The number of player for a given level is quite unequal with minimum of 674 and a maximum if 3373 (for level 15). Although the num of players varies a lot, the number of success is rather constant among levels with a mean of 705 and std of 137. Level 15 is again an except 1157 successes. The barplots suggests that the *number of players*, *number of attempts* and the *attemp/succes ratio* are strongly positively correlated while the *success ratio* is negatively to these three variables. The *number of success* is rather independent of these values. The heatmap of the correlation coeffcient confirms this observation.

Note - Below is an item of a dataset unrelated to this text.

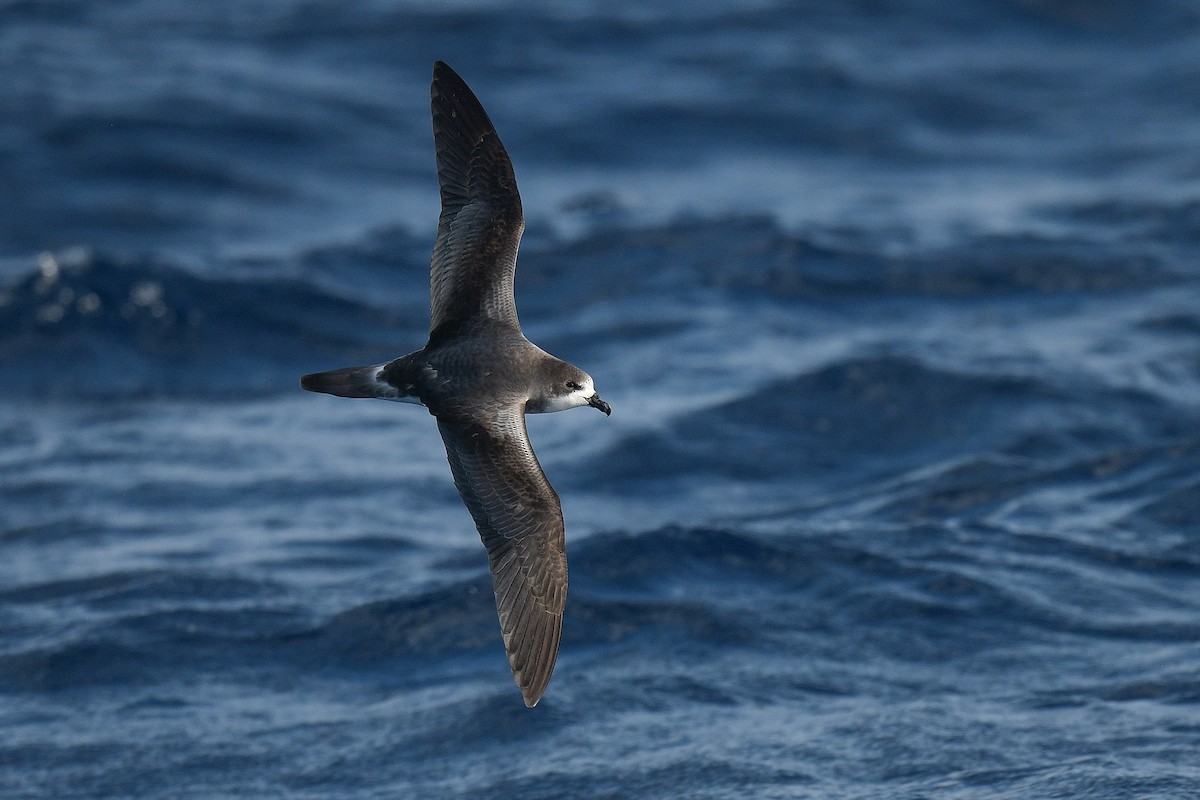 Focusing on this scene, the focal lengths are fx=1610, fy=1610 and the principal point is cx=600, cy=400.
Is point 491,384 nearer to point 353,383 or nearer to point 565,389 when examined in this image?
point 565,389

This means that, as expected, the hard level (low *player_win_lose_ratio*) require more attempts on average to succeed. But surprisingly, the hard levels are also the most played ones. Below I show the relation between *difficulty* (taken *1/player_win_lost_ratio*) and *num player*.

In [None]:
reg = LinearRegression()
temp = level_df.sort_values(by='player_win_lose_ratio')
y = temp['num_players'].values.reshape(-1,1)
X = temp['player_win_lose_ratio'].values.reshape(-1,1)

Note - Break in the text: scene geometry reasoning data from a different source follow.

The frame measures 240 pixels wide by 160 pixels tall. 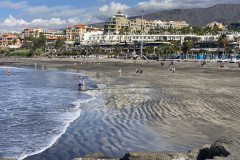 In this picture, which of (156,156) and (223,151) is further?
(156,156)

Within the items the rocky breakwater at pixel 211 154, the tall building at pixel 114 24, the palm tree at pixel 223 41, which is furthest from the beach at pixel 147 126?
the tall building at pixel 114 24

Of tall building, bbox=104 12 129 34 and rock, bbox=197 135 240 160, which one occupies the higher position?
tall building, bbox=104 12 129 34

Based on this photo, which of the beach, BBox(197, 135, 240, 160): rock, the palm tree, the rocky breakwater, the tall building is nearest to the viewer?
BBox(197, 135, 240, 160): rock

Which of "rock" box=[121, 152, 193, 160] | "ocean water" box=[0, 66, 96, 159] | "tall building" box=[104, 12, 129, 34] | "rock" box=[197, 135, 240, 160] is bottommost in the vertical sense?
"ocean water" box=[0, 66, 96, 159]

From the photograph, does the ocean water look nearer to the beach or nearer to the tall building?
the beach

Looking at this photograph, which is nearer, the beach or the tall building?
the beach

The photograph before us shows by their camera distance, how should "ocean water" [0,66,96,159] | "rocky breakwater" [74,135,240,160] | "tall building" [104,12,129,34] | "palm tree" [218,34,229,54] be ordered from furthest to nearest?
"tall building" [104,12,129,34]
"palm tree" [218,34,229,54]
"ocean water" [0,66,96,159]
"rocky breakwater" [74,135,240,160]

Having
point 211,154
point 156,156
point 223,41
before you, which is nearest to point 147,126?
point 211,154

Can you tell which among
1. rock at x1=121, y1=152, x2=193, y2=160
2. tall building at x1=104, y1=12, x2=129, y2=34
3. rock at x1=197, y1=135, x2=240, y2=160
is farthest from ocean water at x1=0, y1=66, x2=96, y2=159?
tall building at x1=104, y1=12, x2=129, y2=34

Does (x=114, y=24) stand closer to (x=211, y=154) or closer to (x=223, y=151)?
(x=211, y=154)

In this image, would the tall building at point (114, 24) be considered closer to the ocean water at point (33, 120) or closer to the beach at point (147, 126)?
the ocean water at point (33, 120)

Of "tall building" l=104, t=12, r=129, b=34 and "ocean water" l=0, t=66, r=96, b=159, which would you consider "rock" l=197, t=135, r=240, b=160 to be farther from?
"tall building" l=104, t=12, r=129, b=34

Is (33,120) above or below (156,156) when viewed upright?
below

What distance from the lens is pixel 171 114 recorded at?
14.9 m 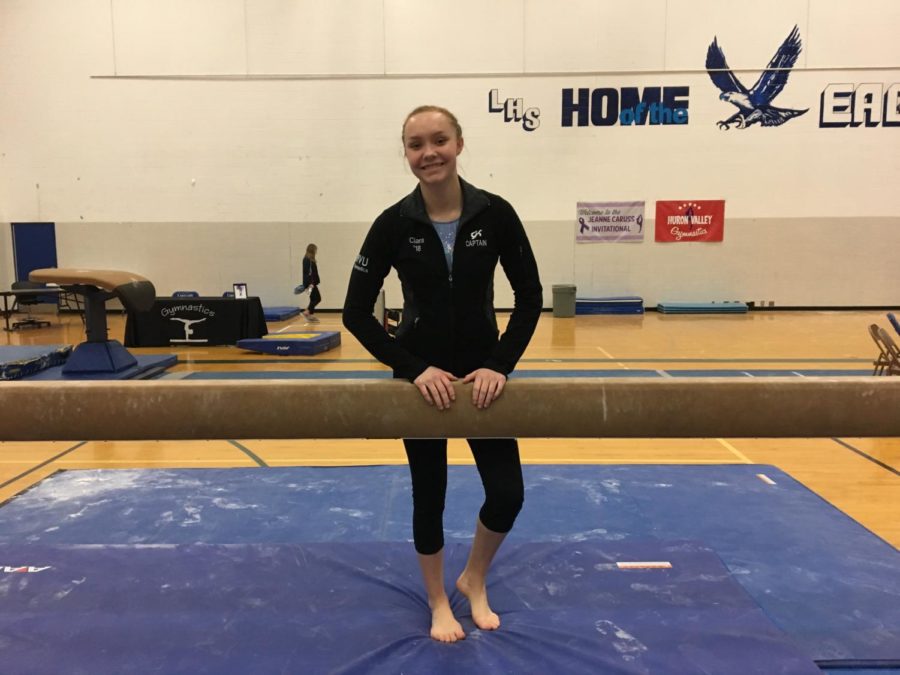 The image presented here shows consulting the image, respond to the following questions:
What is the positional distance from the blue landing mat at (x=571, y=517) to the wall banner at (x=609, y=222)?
31.3 feet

sns.regplot(data=level_df, x=1./level_df['player_win_lose_ratio'], y='num_players',order=1,robust=True)

The number of player seems to be linearly correlated with difficulty. If true, the number of player of level 8 is representative while the number of players of level 15 is an outlier. My interpretation is that a player is more likely to share his score with his friend (e.g. on social media) when he succeed or gets a high score on a hard level. Therefore his friends attempt the level too etc... Obviously, as a company King would be interested to produce levels like 8 and 15 that bring in more players. However, easier levels are important to attract new players, and in order for a lot of player to play the same hard level, the number of hard level must not be too hard (otherwise everybody would be playing different levels and the number of play cannot snowball).

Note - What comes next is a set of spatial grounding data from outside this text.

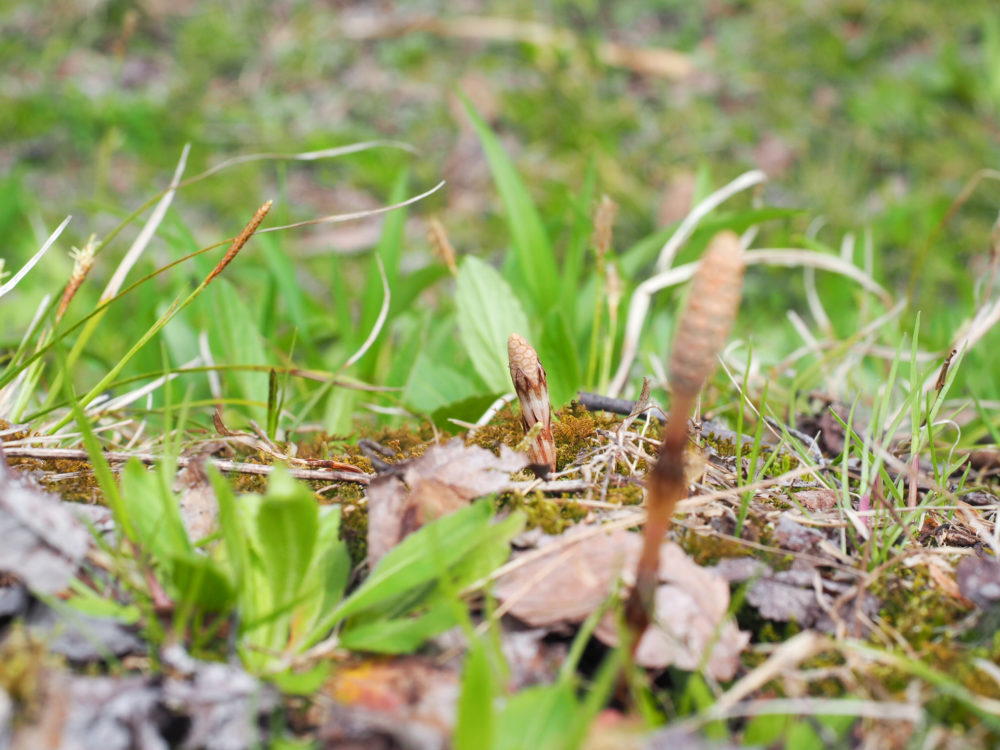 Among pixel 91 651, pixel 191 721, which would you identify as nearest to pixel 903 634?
pixel 191 721

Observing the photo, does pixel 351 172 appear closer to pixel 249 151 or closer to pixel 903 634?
pixel 249 151

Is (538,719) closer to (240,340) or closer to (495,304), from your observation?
(495,304)

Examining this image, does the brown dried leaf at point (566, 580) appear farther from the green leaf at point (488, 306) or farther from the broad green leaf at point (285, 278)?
the broad green leaf at point (285, 278)

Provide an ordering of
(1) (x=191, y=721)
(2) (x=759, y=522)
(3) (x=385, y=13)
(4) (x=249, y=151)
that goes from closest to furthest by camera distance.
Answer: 1. (1) (x=191, y=721)
2. (2) (x=759, y=522)
3. (4) (x=249, y=151)
4. (3) (x=385, y=13)

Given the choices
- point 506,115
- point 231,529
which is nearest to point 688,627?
point 231,529

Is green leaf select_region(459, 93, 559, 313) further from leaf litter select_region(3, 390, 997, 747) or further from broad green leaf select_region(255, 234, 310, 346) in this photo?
leaf litter select_region(3, 390, 997, 747)

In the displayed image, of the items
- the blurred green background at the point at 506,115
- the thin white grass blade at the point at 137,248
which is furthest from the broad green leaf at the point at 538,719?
the blurred green background at the point at 506,115

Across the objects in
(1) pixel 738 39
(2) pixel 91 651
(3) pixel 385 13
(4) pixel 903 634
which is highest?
(3) pixel 385 13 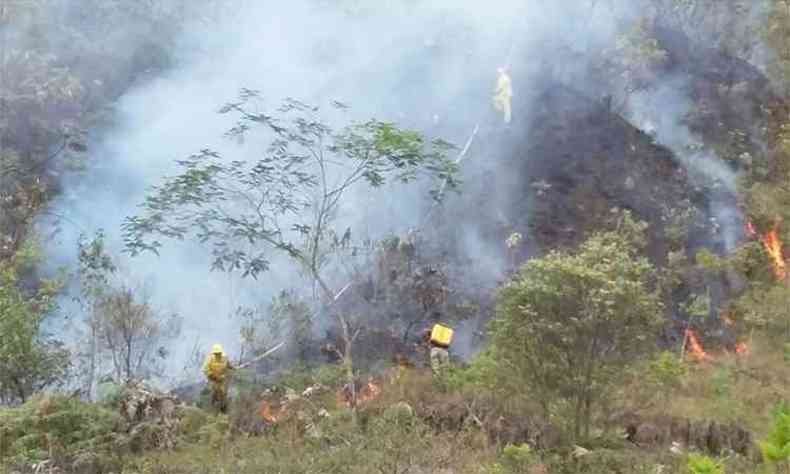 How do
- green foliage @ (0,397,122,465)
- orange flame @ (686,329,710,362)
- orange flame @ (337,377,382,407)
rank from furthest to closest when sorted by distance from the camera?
orange flame @ (686,329,710,362), orange flame @ (337,377,382,407), green foliage @ (0,397,122,465)

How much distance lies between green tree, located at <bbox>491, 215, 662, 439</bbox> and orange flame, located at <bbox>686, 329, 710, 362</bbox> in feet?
15.9

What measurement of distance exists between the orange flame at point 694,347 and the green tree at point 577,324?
4.84 meters

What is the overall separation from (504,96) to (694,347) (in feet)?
20.5

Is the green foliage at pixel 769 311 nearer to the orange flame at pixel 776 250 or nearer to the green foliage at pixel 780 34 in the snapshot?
the orange flame at pixel 776 250

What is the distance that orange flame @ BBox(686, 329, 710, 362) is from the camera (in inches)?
425

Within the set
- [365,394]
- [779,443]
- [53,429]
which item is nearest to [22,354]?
[53,429]

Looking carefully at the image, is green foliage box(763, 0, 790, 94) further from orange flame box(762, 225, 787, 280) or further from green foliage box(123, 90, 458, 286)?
green foliage box(123, 90, 458, 286)

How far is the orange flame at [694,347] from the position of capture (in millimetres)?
10797

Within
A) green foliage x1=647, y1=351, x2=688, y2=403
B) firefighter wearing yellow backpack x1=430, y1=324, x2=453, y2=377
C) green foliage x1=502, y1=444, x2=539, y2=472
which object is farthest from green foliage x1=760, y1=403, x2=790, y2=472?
firefighter wearing yellow backpack x1=430, y1=324, x2=453, y2=377

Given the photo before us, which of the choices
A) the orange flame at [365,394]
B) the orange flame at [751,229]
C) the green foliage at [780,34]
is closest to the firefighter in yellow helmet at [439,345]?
the orange flame at [365,394]

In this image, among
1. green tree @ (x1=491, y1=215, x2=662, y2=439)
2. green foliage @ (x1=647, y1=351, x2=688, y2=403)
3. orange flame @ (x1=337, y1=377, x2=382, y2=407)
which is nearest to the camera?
green tree @ (x1=491, y1=215, x2=662, y2=439)

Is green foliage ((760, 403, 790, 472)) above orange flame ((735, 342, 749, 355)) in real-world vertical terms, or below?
below

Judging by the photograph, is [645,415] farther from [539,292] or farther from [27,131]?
[27,131]

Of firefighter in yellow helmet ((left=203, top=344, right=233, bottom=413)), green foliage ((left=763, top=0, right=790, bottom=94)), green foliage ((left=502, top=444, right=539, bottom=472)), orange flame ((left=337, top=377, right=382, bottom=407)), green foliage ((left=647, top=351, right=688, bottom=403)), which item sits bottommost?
green foliage ((left=502, top=444, right=539, bottom=472))
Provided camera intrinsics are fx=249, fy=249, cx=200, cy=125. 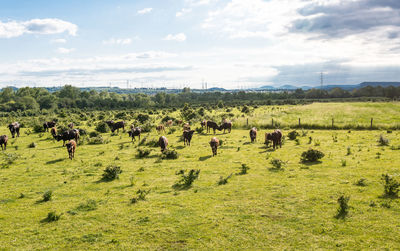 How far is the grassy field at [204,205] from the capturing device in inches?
365

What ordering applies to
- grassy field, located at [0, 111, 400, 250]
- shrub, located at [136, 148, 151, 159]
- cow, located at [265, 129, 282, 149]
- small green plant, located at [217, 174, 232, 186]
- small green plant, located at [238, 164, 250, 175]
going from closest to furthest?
1. grassy field, located at [0, 111, 400, 250]
2. small green plant, located at [217, 174, 232, 186]
3. small green plant, located at [238, 164, 250, 175]
4. shrub, located at [136, 148, 151, 159]
5. cow, located at [265, 129, 282, 149]

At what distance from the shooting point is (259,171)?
17.0 m

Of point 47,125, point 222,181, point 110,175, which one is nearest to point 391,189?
point 222,181

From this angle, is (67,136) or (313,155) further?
(67,136)

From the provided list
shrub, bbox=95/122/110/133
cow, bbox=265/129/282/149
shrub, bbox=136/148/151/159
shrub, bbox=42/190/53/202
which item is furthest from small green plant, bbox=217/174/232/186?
shrub, bbox=95/122/110/133

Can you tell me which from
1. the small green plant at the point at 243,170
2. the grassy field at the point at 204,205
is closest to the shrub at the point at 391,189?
the grassy field at the point at 204,205

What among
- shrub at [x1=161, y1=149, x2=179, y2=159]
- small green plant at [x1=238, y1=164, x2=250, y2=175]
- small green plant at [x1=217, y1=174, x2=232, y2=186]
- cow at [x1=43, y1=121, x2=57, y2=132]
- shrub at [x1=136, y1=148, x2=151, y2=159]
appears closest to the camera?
small green plant at [x1=217, y1=174, x2=232, y2=186]

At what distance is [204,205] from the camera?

# Profile of the players playing hard vs easy level

In [None]:
A = df[['player_id','level','num_attempts']].pivot_table(index='player_id',columns='level',values='num_attempts',fill_value=False,aggfunc=(lambda x: np.sum(x)>0))


In [None]:
A.head()

In [None]:
plt.spy(A.values.astype(float)[:10,:])

# Most played levels together

In [None]:
from scipy.sparse import csr_matrix
A_df = df[['player_id','level','num_attempts']].pivot_table(index='player_id',columns='level',values='num_attempts',fill_value=False,aggfunc=(lambda x: np.sum(x)>0))
A = csr_matrix(A_df.values.astype(float))
co_occ_mat = A.T@A


In [None]:
co_occ_mat

In [None]:
plt.imshow(co_occ_mat.todense(),vmin=0,vmax=1000)
plt.colorbar()

The above graph is the co-occurence matrix of levels which indicates which levels are played together by the same player. The non-zero values are grouped as blocked around the diagonal which means that players tend to play a few levels in succession, or they might start with a level and play the ones before or after. Most players who played the first five levels did not play the last five and vice-versa. It looks like most players played five to ten games. We also note that the players who attempted the hardest level 15 often did not play the earliest easier levels. Thus, the anormalously low *player_win_lose_ratio* for level 15 may be explained by the fact that most players who attempted this level did not train on the first easier levels, and thus may not be well prepared for that challenge.

# Conclusion

Harder levels tend to be more popular. My interpretation is that players are more proud to finish a hard level, and therefore they are more susceptible to share their success with their friends. Some casual players might attempt hard levels even if they haven't played the previous levels. Players who attend hard levels would also typically play a few levels before or after.
Hard levels seem important to engage the community, but easier levels must also be important to keep more casual players engaged.